On election day, Wednesday 28 October, Lissu flew to Singida East, his home constituency in the centre of the country, to cast his vote. He returned to Dar es Salaam and waited for the results to come in at the Chadema party headquarters. But even before the electoral commission made any announcements, he knew that things were not going as expected.
“The moment polling started we knew we were in serious trouble. Our polling monitors were denied access. There were policemen bringing in ballot papers. There was violence in Zanzibar, which started the day before. There was violence on the mainland. We had reports of vigilante groups beating up people outside polling stations,” Lissu said.
“It’s difficult to explain. It wasn’t a shock; we had expected trouble. Rigging. Magufuli has been rough. But we did not expect this rigging to be on such a grand scale.”
Official results were announced that Friday. Magufuli won in a landslide, with 84% of the vote. The ruling Chama Cha Mapinduzi party —which has never been out of power in Tanzania — also swept up nearly all of the seats in parliament, including some that have historically been opposition strongholds.
The moment the results were released, Lissu’s police protection unit disappeared, because he was no longer a presidential candidate. He received two phone calls that day from anonymous callers. Death threats.
“They told me ‘we are coming after you and the orders are to deal with you once and for all’,” he said.
He found refuge at a friend’s house. But their neighbourhood was soon “flooded with suspicious looking people”. Wary of their own safety, the friends asked Lissu to leave after a night or two. He then sought protection at the German embassy, but issues of diplomatic protocol meant they would not allow him in at first. As he waited in his vehicle outside the embassy, policemen surrounded the car and ordered him to go to the police station. Fortunately, German diplomats followed him there.
While policemen were interrogating him — “Why are you planning a coup d’etat?” they asked, because he had called for demonstrations against alleged voter fraud — the diplomats were demanding his release.
“The fact that the German diplomats intervened took the wind out of their sails. Our security forces are always so scared of diplomats, especially Western diplomats,” said Lissu. “They are not all that clever. I don’t know who trains them.”
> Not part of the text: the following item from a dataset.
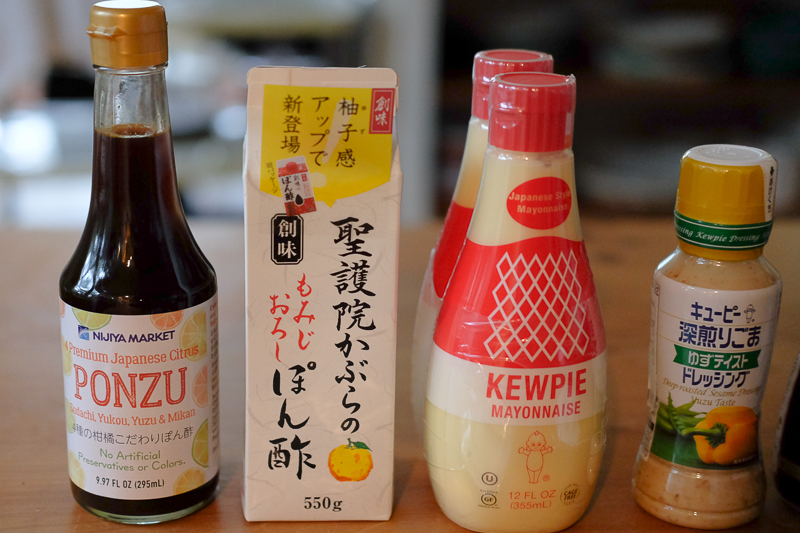 ポン酢とマヨ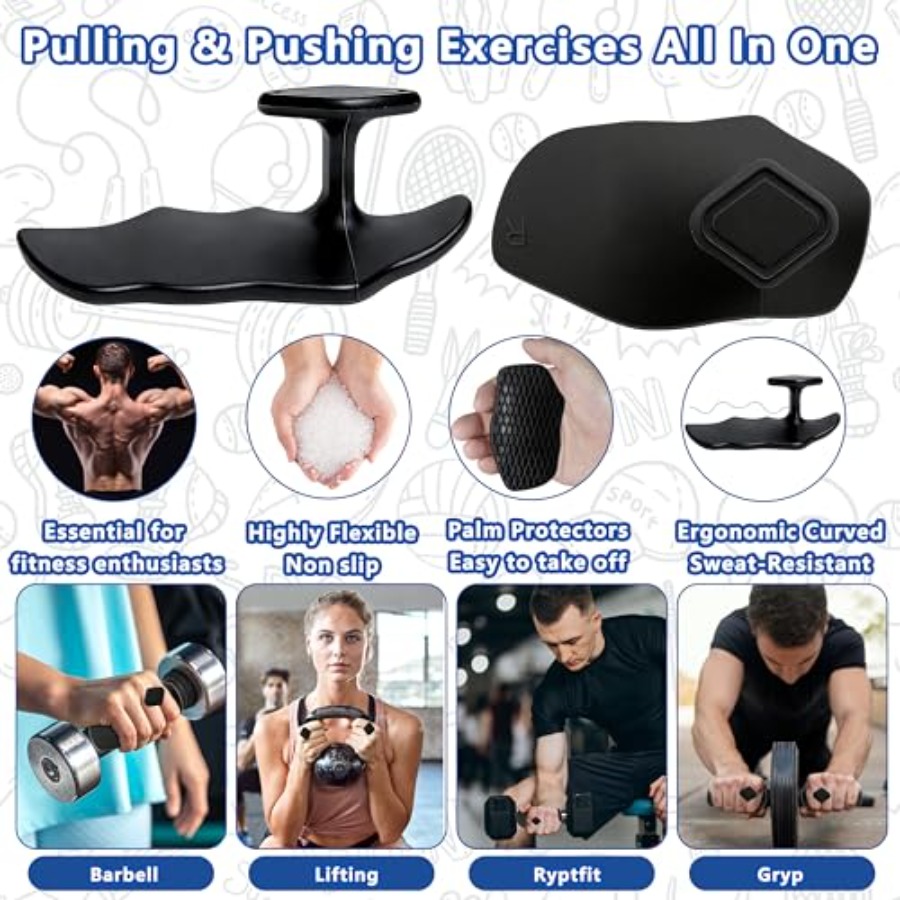 Large Silicone Workout Grips K - Workout Glove Gym บทวิจารณ์และราคา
After being released, Lissu stayed at the home of the German ambassador. He felt it was too dangerous to go home, so his wife packed his bags and, on the evening of 10 November — exactly two weeks after the vote — he boarded a plane and returned to his lonely exile in Belgium. His wife had flown out ahead of him. His children are in the United States, staying with friends while they try to complete high school. “My small family has been dispersed around the world,” he said.
Popular revolt
Looking back, Lissu cannot see how the election could have played out any other way. “Given what happened on election day, I don’t think the outcome could have been different,” he said. “Unless the people of Tanzania were to go into the street in their millions.”
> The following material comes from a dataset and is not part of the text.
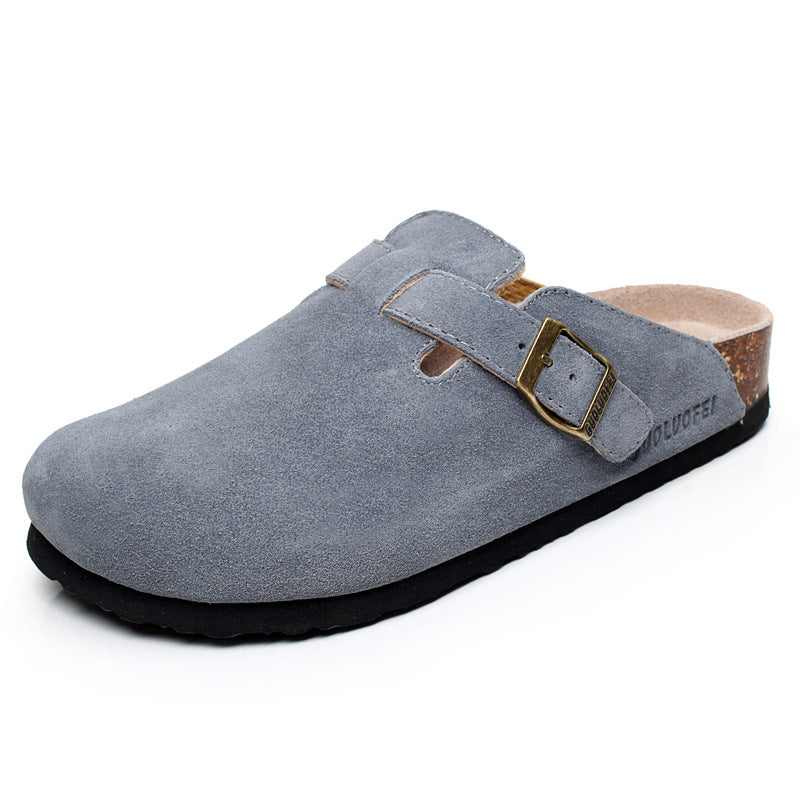 Premium Suede Clogs Slippers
“We have to learn from what we have done. What we could have done differently. Instead of telling people to vote, we should be telling them to prepare for popular revolt. To mobilise better, to take matters into their own hands.”
Others need to learn too. In neighbouring Uganda, opposition leader Bobi Wine — who was arrested while campaigning on Wednesday this week and remains in jail at the time of publication — is trying to unseat President Yoweri Museveni in next year’s presidential election, and Lissu sees plenty of parallels. His advice to the Ugandan opposition leader?
“To mobilise for rebellion. For popular revolt. These dictators will not allow themselves to lose an election. We have to find ways of toppling them in popular revolt. It is Tahrir Square. Magufuli and his ilk will not allow popular elections. So democracies will have to be built through popular power.”
This may not be news to Bobi Wine, who last month released a new song called Bullet or Ballot. In it, he sings:
“And if it takes a revolution, freedom will have to come/ By the ballot or the bullet, Let thy will be done.”
For Lissu, attention now turns to his own uncertain future. “I have to pick up the broken pieces,” he said. “I see myself working very actively internationally. Dictators have to be fought not just in their country but also internationally. The world should pay close attention to Tanzania.”